◆ **GIVEN RECORDS**
>>

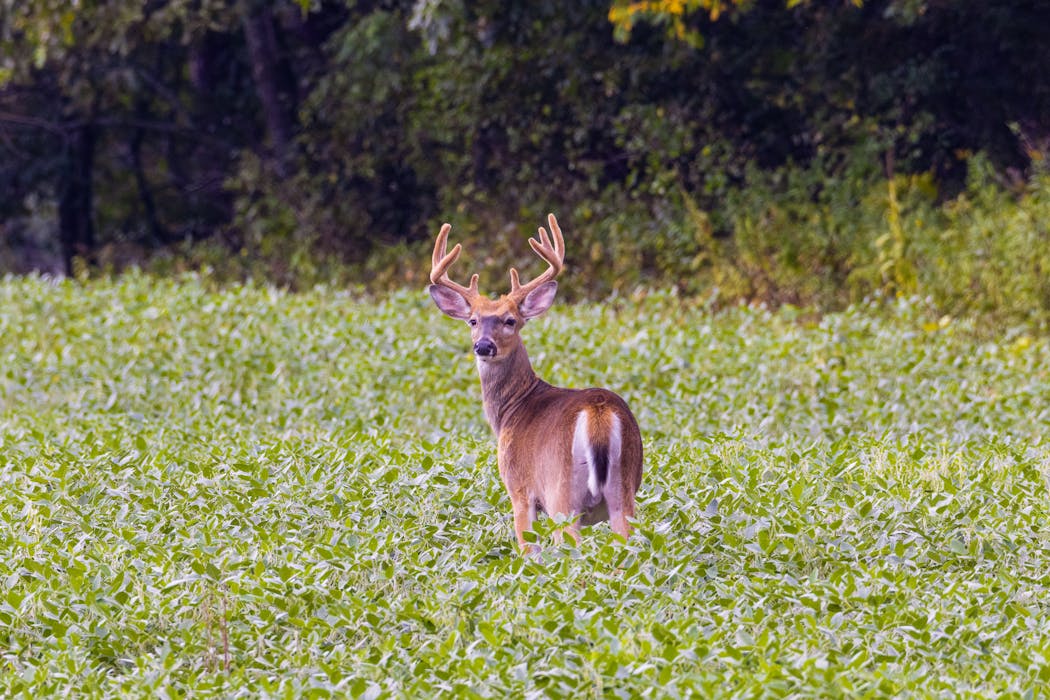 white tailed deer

<<
>>

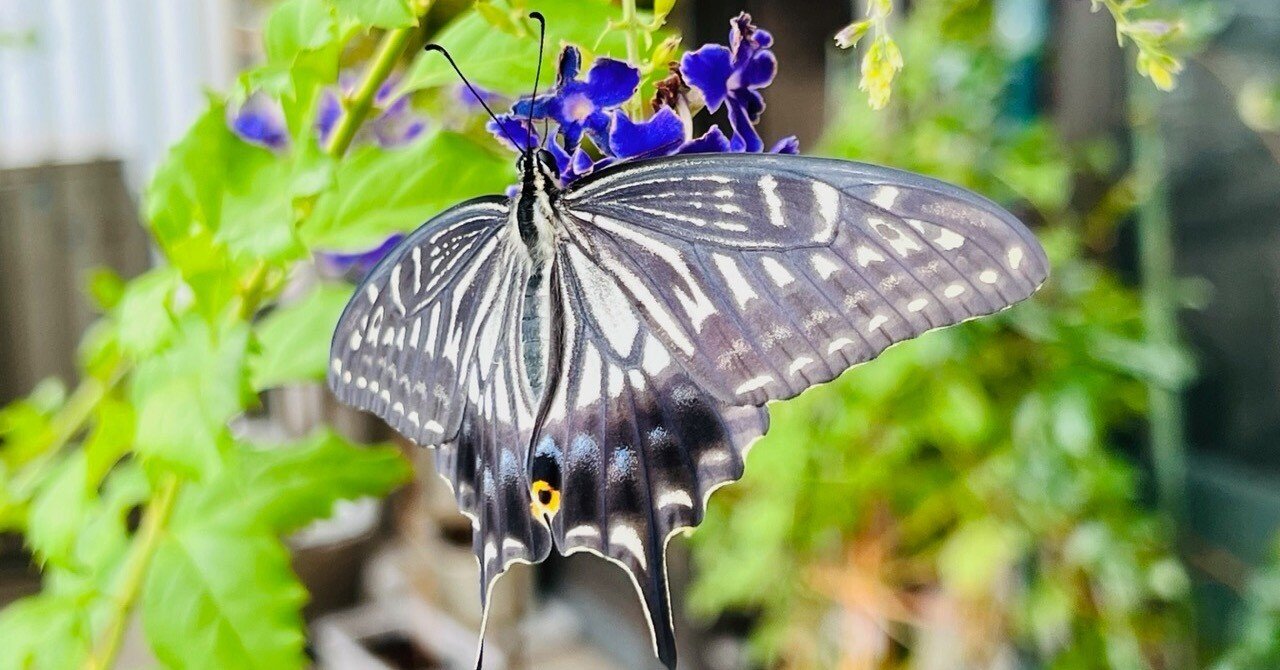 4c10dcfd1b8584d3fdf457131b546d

<<
>>

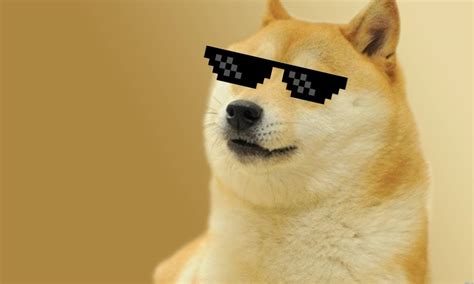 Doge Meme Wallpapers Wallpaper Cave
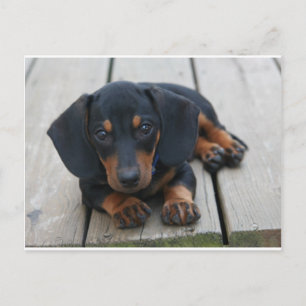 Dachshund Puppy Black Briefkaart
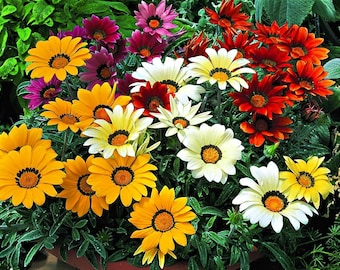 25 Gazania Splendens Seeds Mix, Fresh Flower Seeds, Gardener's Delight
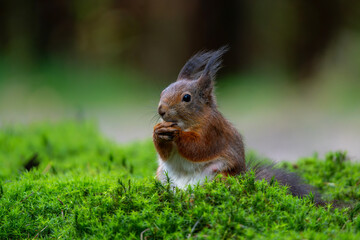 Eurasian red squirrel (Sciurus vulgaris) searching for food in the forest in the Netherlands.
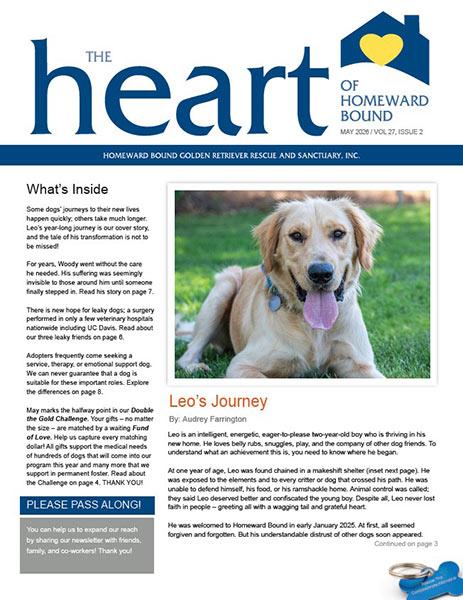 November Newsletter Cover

<<

◆ **ABOUT THIS EXERCISE**
In the data above, the stretch from the line with "25 Gazania Splendens" through the line with "November Newsletter Cover" is to be returned exactly, minus any pictures.

◆ **TASK RESPONSE**
 25 Gazania Splendens Seeds Mix, Fresh Flower Seeds, Gardener's Delight
 Eurasian red squirrel (Sciurus vulgaris) searching for food in the forest in the Netherlands.
 November Newsletter Cover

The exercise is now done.